City and county ordinances must be alleged and proven in order to be
considered by the superior and appellate courts of this State. Davis &
Shulman’s Georgia Practice & Procedure, § 7:9 (2014-2015 ed.). The proper
method of proving a city ordinance is production of the original ordinance or a
certified copy thereof. Thorsen v. Saber, 288 Ga. 18 (1) (701 SE2d 133) (2010);
see also OCGA § 24-2-221 (judicial notice may be taken of certified copy of
2 ordinance); Leger v. Ken Edwards Enterprises, Inc., 223 Ga. 536 (2) (156 SE2d
651) (1967) (uncertified copy of ordinance attached to unverified pleadings held
insufficient to prove existence of ordinance). Neither the superior courts nor the
appellate courts can adjudicate a claim or defense based on a city ordinance
unless the ordinance has been properly presented. See, e.g., Thorsen, 288 Ga.

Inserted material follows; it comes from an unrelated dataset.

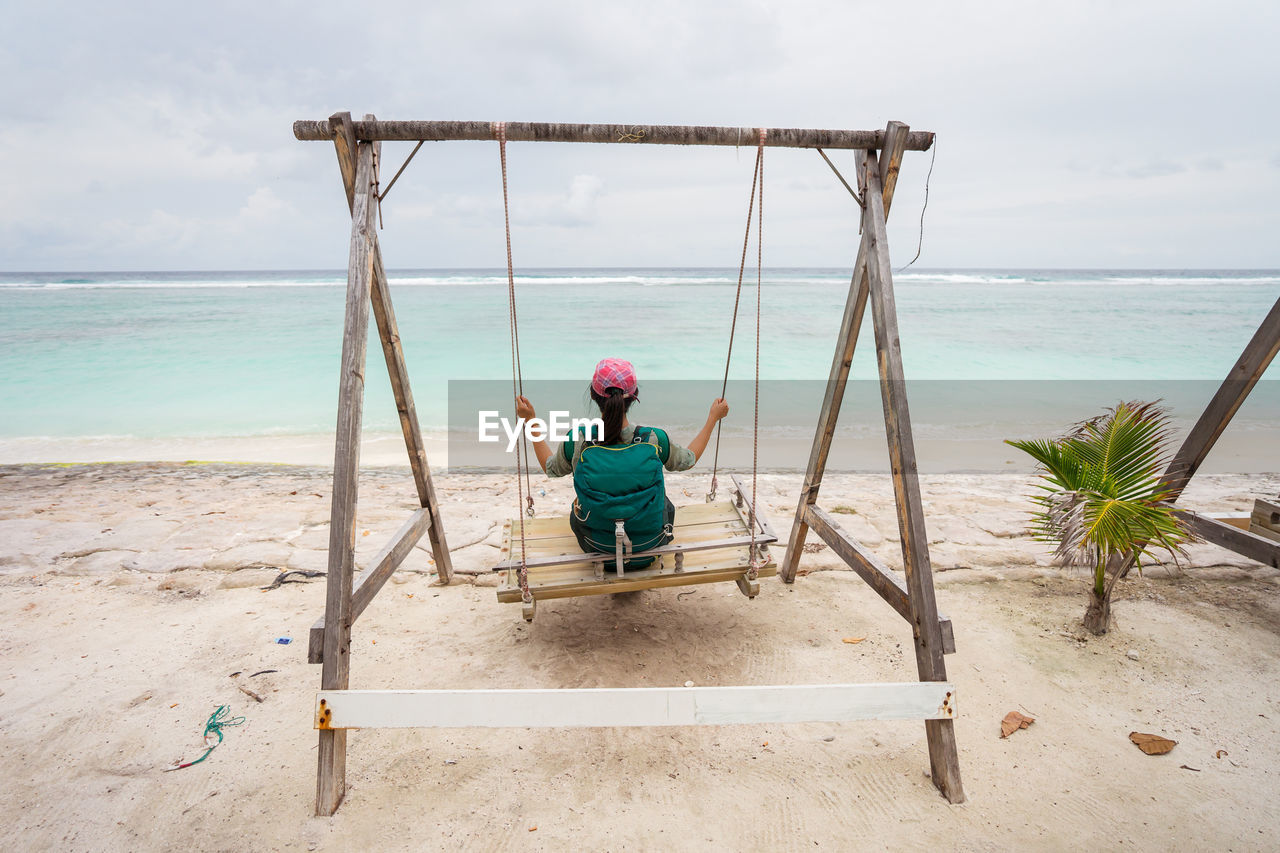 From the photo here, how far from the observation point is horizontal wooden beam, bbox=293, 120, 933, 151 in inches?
118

at 18-19 (declining to consider enumeration of error based on ordinance not
appearing in the record); Strykr v. Long County Bd. of Commrs., 277 Ga. 624
(6) (593 SE2d 348) (2004) (declining to address appellant’s constitutional
challenge to portions of county ordinance that were not pled and proven); Leger,
223 Ga. at 539 (trial court properly declined to issue injunction based on alleged
violation of ordinance that was not introduced in evidence).
Here, the City of Atlanta’s vehicle immobilization ordinance appears
nowhere in the record. Not only is there no certified copy of the ordinance,
there is no copy at all. All that appears in the pleadings regarding the existence
and substance of the ordinance are general references thereto and what purports
to be a quote, in Whitfield’s unverified complaint, from a single section of the
ordinance regarding signage requirements, which does not itself authorize
vehicle immobilization. Without proper presentation of the ordinance, it is
3 impossible to adjudicate the constitutionality thereof, and the superior court thus
erred in purporting to do so. See Strykr, 277 Ga. at 626; see also Thorsen, 288
Ga. at 18-19; Leger, 223 Ga. at 539.
Though we are compelled to vacate the judgment below as it relates to the
constitutionality of the vehicle immobilization ordinance, we need not disturb
the court’s decision dismissing the City from the suit. As acknowledged in
Whitfield’s complaint, the City had an interest in this proceeding only to the
extent that the constitutionality of its vehicle immobilization ordinance was at
issue. See OCGA § 9-4-7 (b) (municipality “shall be made a party” in any
proceeding seeking a declaration as to the validity of its ordinances). Because
Whitfield’s constitutional challenge is not viable due to his failure to properly
allege the ordinance, the City has no stake in the litigation. Thus, pretermitting
whether the trial court properly dismissed the complaint against the City for
failure to state a claim, we affirm the City’s dismissal from the suit under the
right for any reason rule. See Police Benevolent Assn. v. Brown, 268 Ga. 26 (2)
(486 SE2d 28) (1997) (judgment that is right for any reason will be affirmed).
Judgment affirmed in part and vacated in part. All the Justices concur.
4 Decided February 2, 2015 – Reconsideration denied March 2, 2015.
Ordinance. Fulton Superior Court. Before Judge Dempsey.
James Whitfield, pro se.
Cathy Hampton, Laura S. Burton, Veronica L. Hoffler, for appellees.